Richard Mèmeteau, philosophe

Il va sans dire que cette précocité a des effets en chaîne : les relations nouées sur les applis durent souvent moins longtemps, et ne sont pas exclusives. D’où l’idée de relations désinhibées, qui laisse croire que désormais tout est vraiment permis. « Si les services changent les conditions d’exercice de la sexualité, ils n’échappent pas aux régulations sociales », proteste Marie Bergström. À ses yeux, ce n’est pas parce que les relations nouées sur les applis viennent sceller une entente plus qu’elles ne marquent l’entrée dans la conjugalité que tout est permis sur Internet. Loin de là. On retrouve en effet les mêmes interdits que ceux qui structurent la société, comme d’attendre des utilisatrices qu’elles fassent preuve d’une certaine réserve sexuelle. Les femmes qui fréquentent les sites de rencontre ne doivent pas se montrer trop disponibles, faire le premier pas, céder trop facilement…

Après l’amour romantique, le libre-échangisme sexuel autant qu’économique est un peu le nouveau mythe du XXIème siècle. « Nous ne savons plus penser en dehors des termes d’une économie de marché, ne serait-ce que pour en déplorer les injustices. On finit par dire : "C’est la faute du marché", un peu comme on dit : "Maintenant, c’est la guerre !" alors qu’on est seulement en train de jouer à Star Wars sur sa console de salon », souligne Richard Mèmeteau. Ce n’est pourtant pas la seule analogie possible, et sans doute pas la plus pertinente. En témoigne l’analyse que fait le sociologue américain Willard Waller du dating, ces rencontres libres apparues sur les campus des années 1920-1930, en termes de jeu. Pour tirer son épingle de ce jeu galant, il faut être désintéressé, ou au moins feindre de l’être. « Là où il y avait du théâtre et du jeu, il n’est plus censé y avoir que de la marchandise », déplore Richard Mèmeteau.

Désacralisation de l’amour

En 2019, c’est l’image du jeu vidéo que le philosophe convoque quand il cherche à décrire les modalités de la rencontre sur les plateformes numériques.
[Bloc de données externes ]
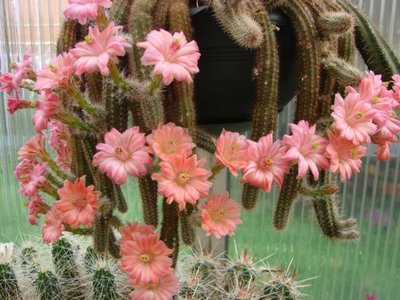 Eine meiner ältesten Pflanze von subterraneus,eine wunderbare Blüte mit einer täglichen verfärbung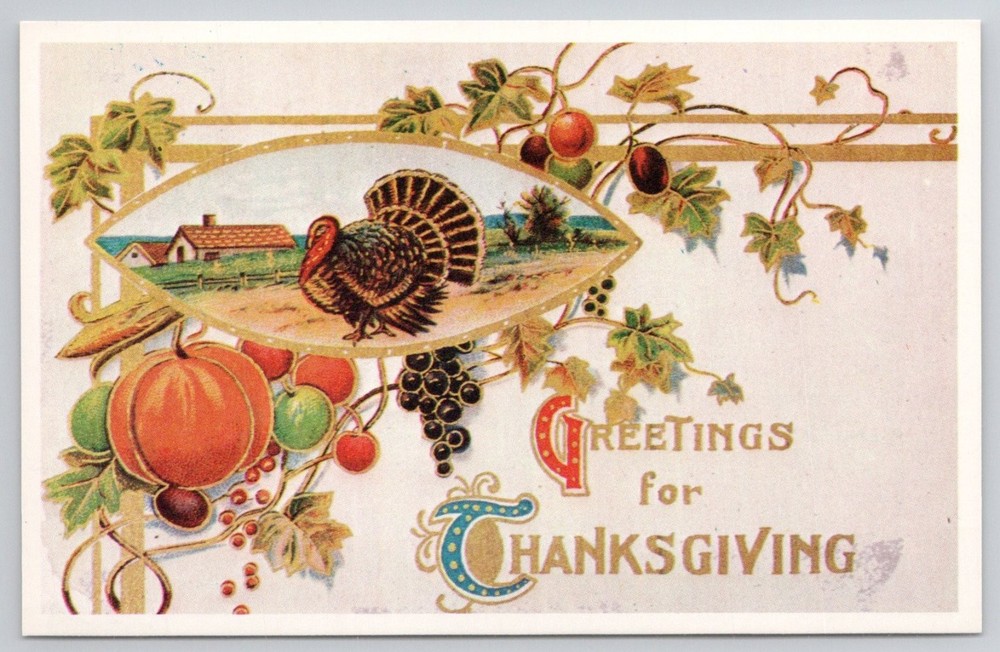 Vintage Thanksgiving Postcard Embossed Turkey Pumpkin Grapes Autumn Greetings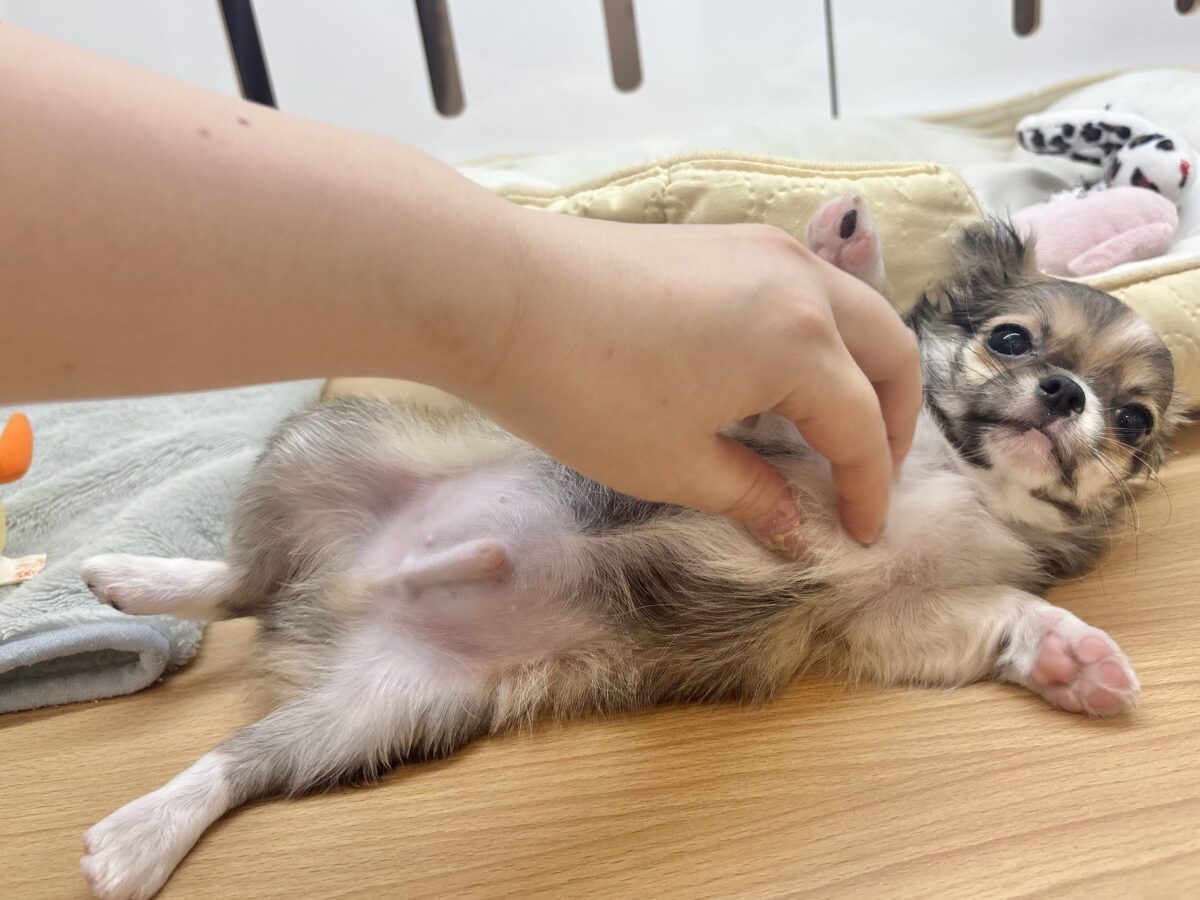 チワワ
Dans les deux cas, il s’agit en effet de se façonner une identité et de coopérer avec une multitude de joueurs : « Pour gagner, il faut parvenir à coordonner une action avec parfois plus d’une vingtaine d’inconnus. À la fin de cette épreuve, il y a un succès ou un échec. On saura alors si on a réussi quelque chose ensemble ou pas. Contrairement à notre vie professionnelle, ceux avec qui nous faisons équipe nous sont réellement inconnus. Pire, ils ont tous choisi d’être méconnaissables : des avatars, des "skins" parfaitement grotesques ou indiscernables les enveloppent et les effacent. Ils jouent connectés partout dans le monde. »

On ne parle pas de Facebook comme d’un marché de l’amitié, ni de Linkedin comme d’un marché du piston. Alors pourquoi Tinder serait-il une exception, sinon parce que nos sociétés continuent de sacraliser l’amour plus que tout autre lien humain, y compris l’amitié ? Une chose est sûre, un parfum de fin du monde flotte sur les rencontres numériques. Un article de Vanity Fair titré « L’apocalypse de la rencontre », en 2015, a ainsi fait le tour de la Toile. Au fond, ce dont on ne se remet peut-être pas, c’est que la drague 2.0 porte un coup fatal au mythe romantique du coup de foudre au premier regard, de la loi du hasard et de l’intuition née d’un unique contact charnel parmi des milliers. Et l’on imagine que les utilisatrices des applications de rencontre, tout à leurs rêves de paradis sur terre, vivraient un enfer. « On pointe régulièrement les dangers et les pièges de la sexualité en ligne [pour les femmes] : le caractère éphémère des relations est souvent décrit comme un nouveau lieu de domination masculine », souligne Marie Bergström. C’est oublier que pour certaines, ces sites sont l’occasion de vivre des relations – pourquoi pas sans lendemain – au lieu d’attendre le prince charmant, d’exprimer leurs fantasmes les plus crus à l’abri des regards. Sans avoir à subir le jugement pesant de leur entourage. Ils « facilitent l’accès à la sexualité », soutient Marie Bergström, « en raison de la dissociation relative qu’ils permettent entre pratiques sexuelles et image sociale ». La preuve que tout n’est pas noir ou blanc.